Converged VPN Solution
The converged VPN solution standardizes and scales the network by facilitating seamless integration of VPN technologies. DMVPN, Easy VPN, and SSLVPN can be integrated to provide a single consolidated hub for the VPN deployment. This provides standardized and scalable support for all types of end users, including telecommuters, road warriors, and branch sites.

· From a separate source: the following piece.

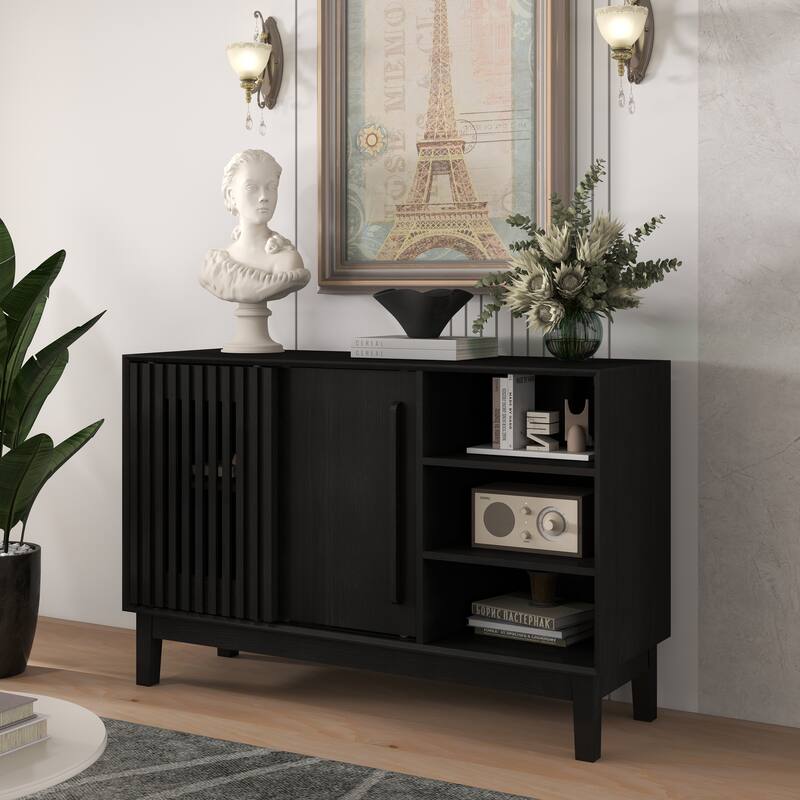 47.3" Sideboard Buffet Cabinet with Storage, Fluted Sideboard with 2 Doors & Solid Wood Feet, TV Media Console, Storage Cabinet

DMVPN optimizes performance, reduces latency for real-time applications, and enables dynamic configuration. It reduces the maintenance and configuration on the hubs and uses QoS to provide the priority to the marked network and real-time sensitive applications.
Easy VPN provides access to both software and hardware clients, complementing the other VPN deployments. Easy VPN deployments can be easily migrated to DMVPN deployments. And with the availability of IPsec Dynamic Virtual Tunnel Interface (DVTI), Enhanced Easy VPN now supports IP Multicast and QoS as well.
SSLVPN provides clientless, thin-client, or full client-based secure access to corporate network and resources, from any device with an SSL-enabled browser, like laptops and PDAs. SSLVPN also enables users to download Cisco Secure Desktop, which provides a secure desktop on top of the guest desktop. Mobile users, retail brokers, and extranet partners can benefit from SSLVPN when the allowable SSL VPN client, Cisco Secure Desktop, or clientless access depends on corporate policy. SSLVPN can integrate and share a hub with
both Easy VPN and DMVPN.
Group Domain of Interpretation (GDOI) is a group key protocol whereby all group members register with a key server. It defines a method of sharing a common group key among devices that can be used for encryption and decryption. GDOI has been integrated with the DMVPN solution to take advantages of its group keying concept. With this integration, each spoke maintains a GDOI session only with the key server and there is no permanent tunnel between the hub and spoke.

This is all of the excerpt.